Finding Your “Why”

Changing behaviors can no doubt be challenging. Many times when people decide to improve their health they jump in without first trying to figure out the real, deeper reason for making change in their lifestyle. In order to stick with a plan, whether it is improved nutrition or moving more, or for improving any aspect of your life for the long-term, it is critical to think about – and write down – your own individual “why.”

When we look at changing behaviors from superficial, just at the surface reasons, we are typically relying on willpower instead of really getting to the root of what is driving and motivating our desires to make changes in our lives.
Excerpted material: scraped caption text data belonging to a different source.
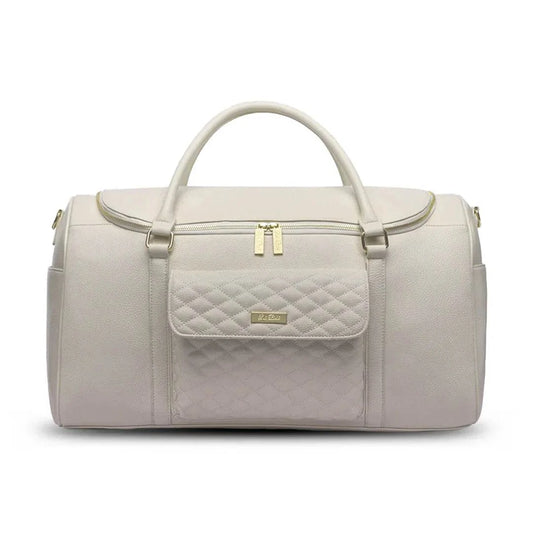 Pearl white Monaco Travel Bag crafted from vegan leather, ideal for weekend getaways and hospital stays.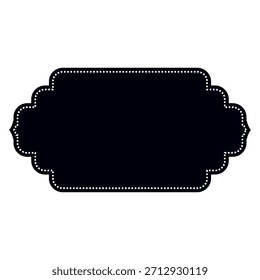 Ornate Black Label Frame with Dotted Border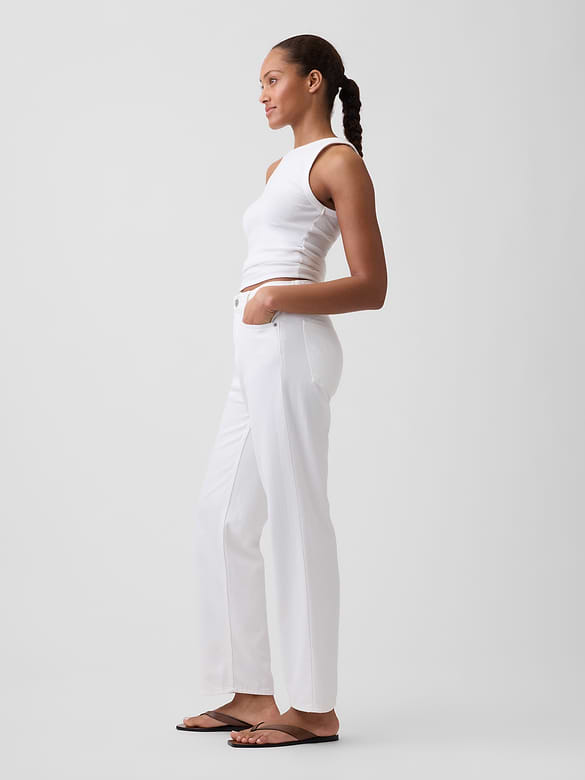 Low Slung Relaxed Straight Soft Crop Jeans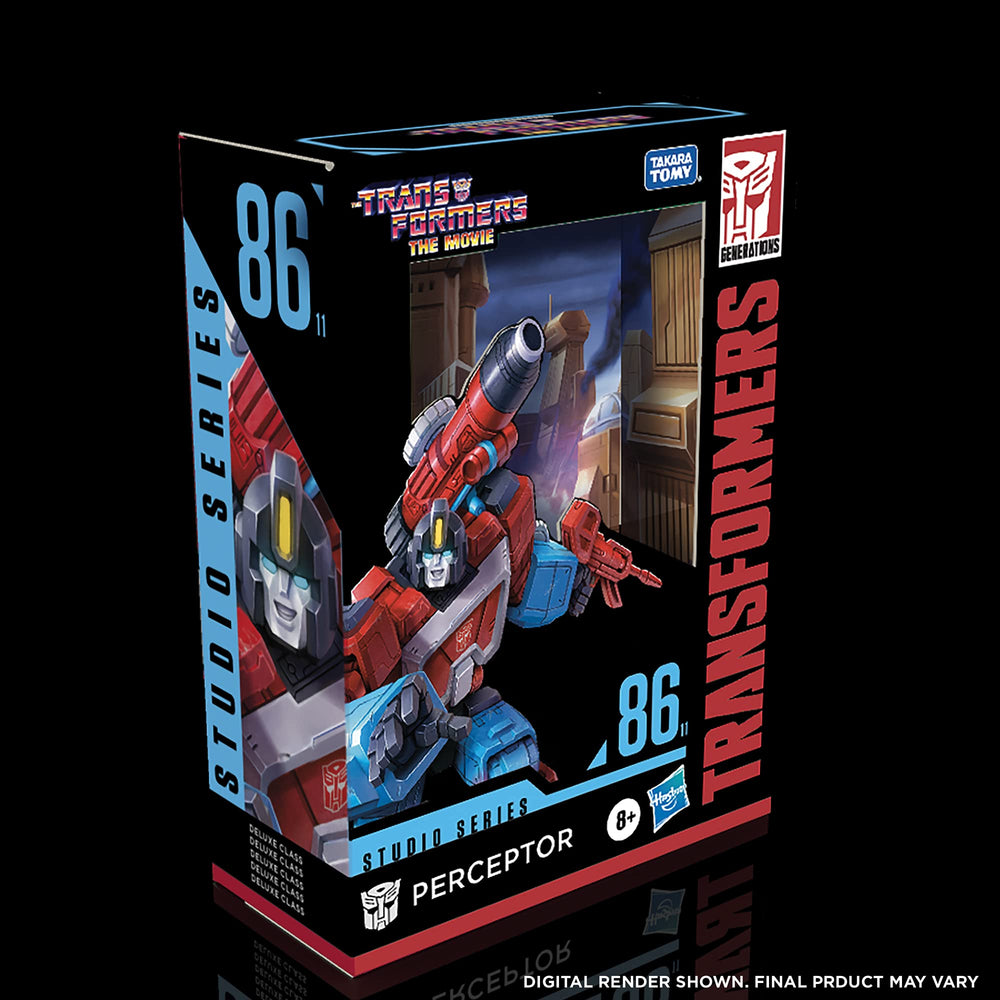 Backdrop of Autobot City featuring Perceptor ready for display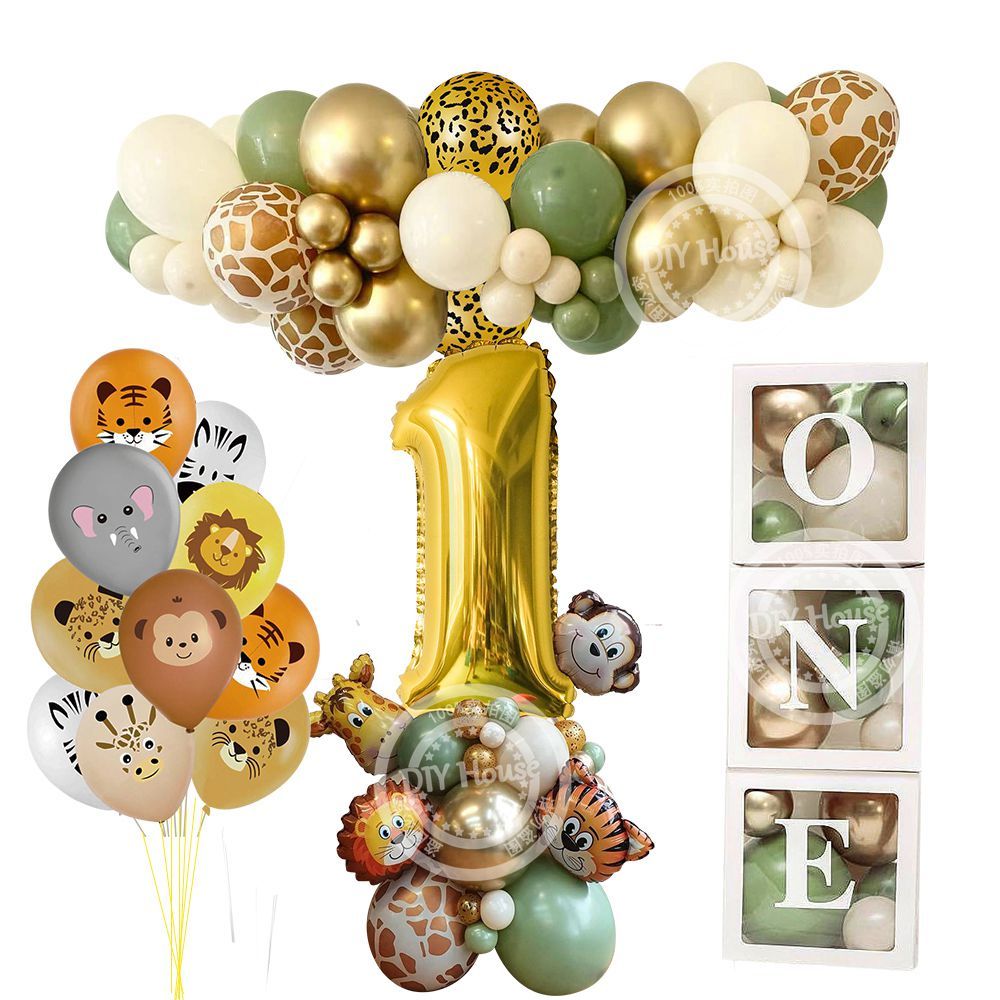 Wild Dieren Ballon Toren met Gouden 1-9 Nummer Ballon voor Jongen Jungle Safari Verjaardagsfeestje Decoratie Bos Party Supply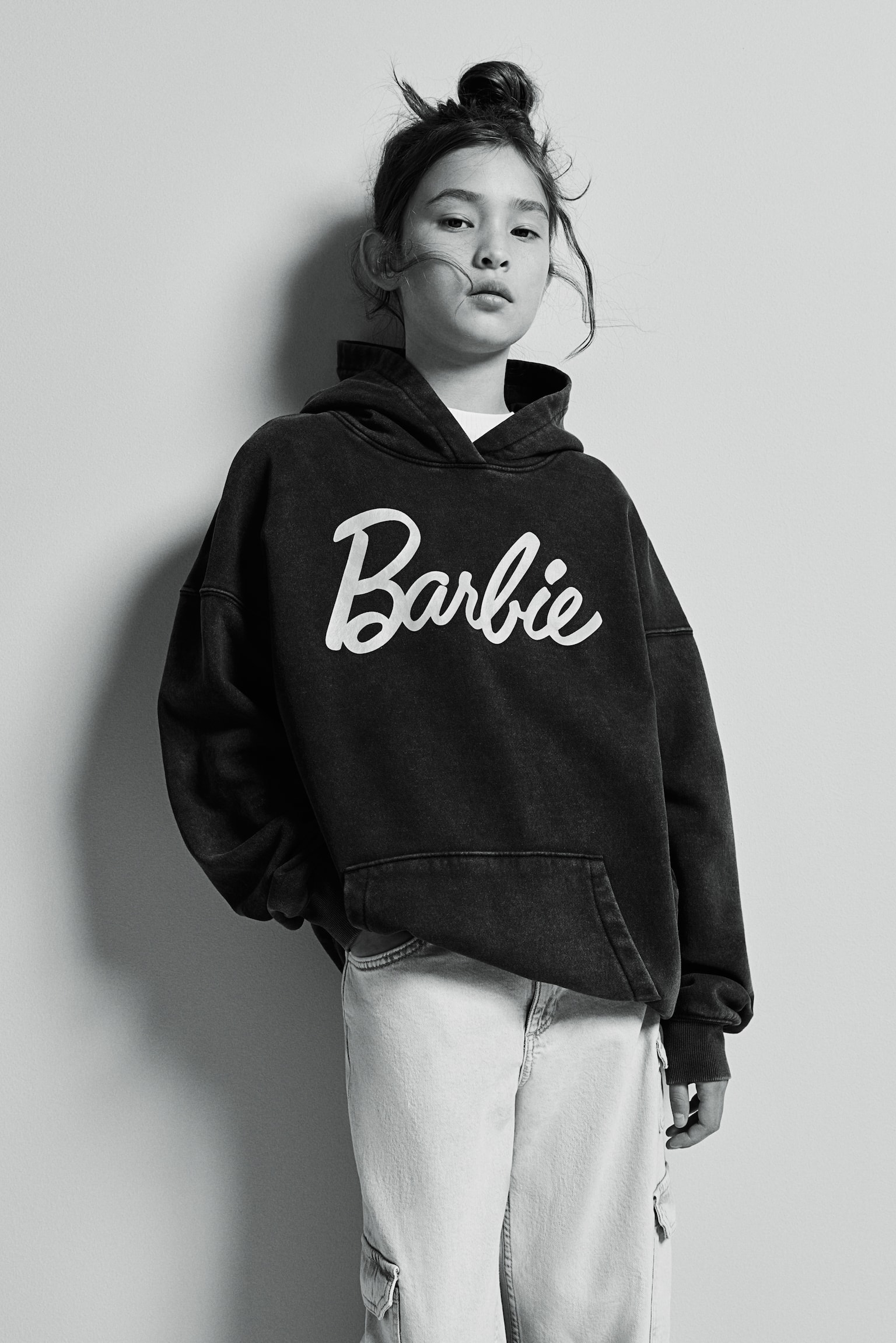 Oversized Print Hoodie - Dark grey/Barbie - 2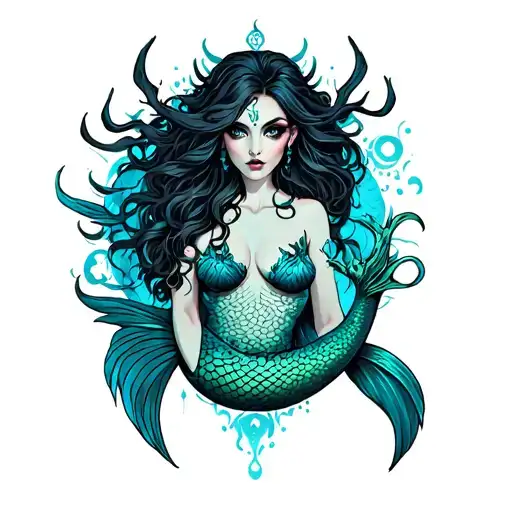 evil siren mermaid tattoo design idea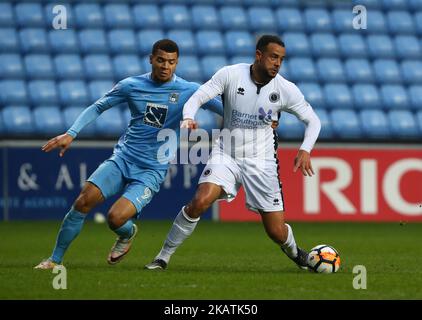 David Stephens von Boreham Wood beim Spiel des Emirate FA Cup in der zweiten Runde zwischen Coventry City und Boreham Wood in der Ricoh Arena am 3. Dezember 2017 (Foto: Kieran Galvin/NurPhoto) Stockfoto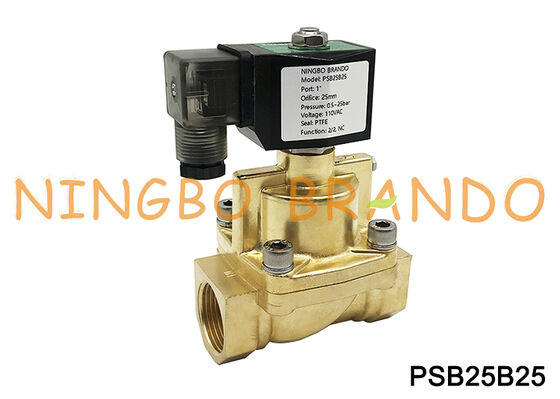 Électrovanne à vapeur 1 '', 2/2 voies, laiton normalement fermé 24V 110V 220V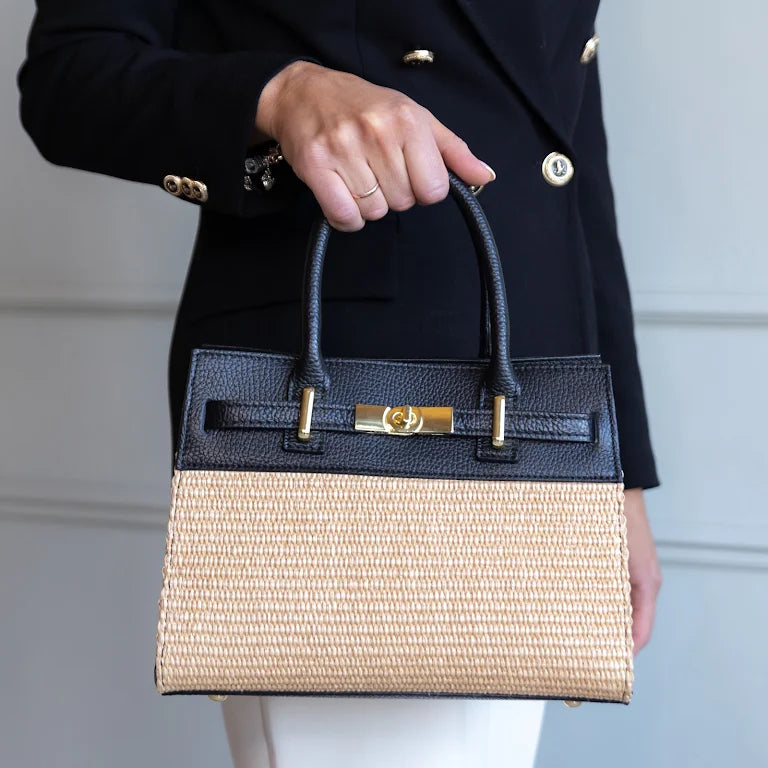 BORSA LYNDA IN PELLE E RAFFIA NERO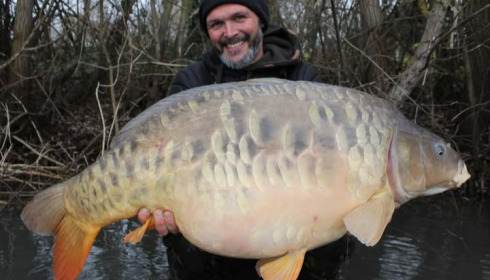 A 54 lb carp from Fullys Lake, Romeo, Jan 2026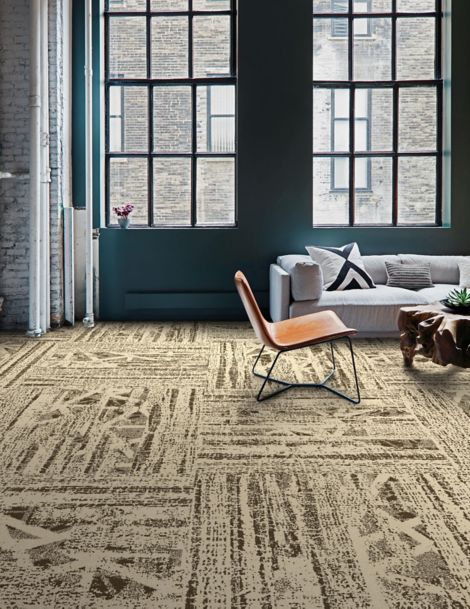 Interface PM57 and PM01 plank carpet tile in naturally lighted living room area image number 2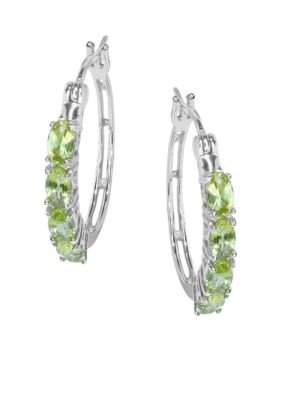 Belk & Co. Sterling Silver Peridot Hoop Earrings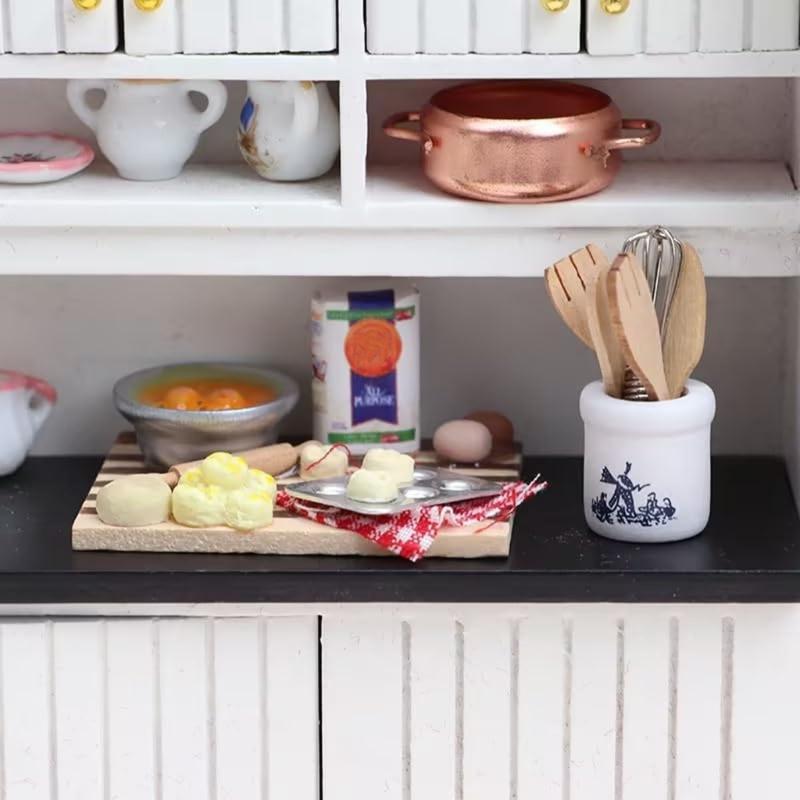 Realistyczny Zestaw Narzędzi Kuchennych do Domku dla Lalek 6 szt. Miniaturowe Łopatki Ubijaczki do Jajek do Ekspozycji Miniaturowej Sceny Kuchennej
The problem though is that willpower is a depleting resource and in the end not the best thing to depend on to make lasting change.

It can be more helpful for long-term success to spend some time thinking about and creating a concrete and specific statement that reminds you of why you care about your health and what is driving you to make changes, something I call a personal wellness vision statement. The idea here is to go below the surface and really give some thought to what is driving and motivating you to want to make changes in your health. When creating your statement it is helpful to be specific about what is important to you and what you want out of life. This is basically what you would see if you look into the future at your ideal future self. Consider what is important to you. Think about the person you want to be, where you want to go, and the things you want to do.

Here are some questions to ask yourself to help guide you:
• What kind of person do I want to be?
• How do I want to see myself and how do I want others to see me?
• How do I want to spend my days?
• What do I want to do more often and/or better?
• What is something I miss doing from when I was healthier, more active, etc.?
• When I envision myself in 10 years how is my health and ability to move and be active?

An example of a well thought out, specific Personal Wellness Vision Statement might be:
“I want to improve my habits to support my health and reduce my cholesterol. My Father had heart disease and diabetes and it was hard to watch him struggle with that. I want to spend time with my kids having fun and enjoying them. In 10 years I want to be someone who is healthy, strong, active, disease-free, and not have to take multiple medications.”

Consider your wellness vision statement to help guide you in your weekly planning, daily choices and in those challenging moments. Write it down and keep it near by. You might keep it in your wallet, posted on your fridge or near your computer at work – or in all of these places.

When the rubber meets the road and you are working to implement habits to help you be and feel mentally and physically more healthy this vision statement can be a reminder of what is at the core of your motivation. Use it to remind yourself why every small choice in the right direction will help you become a healthier, more active, longer-living version of you.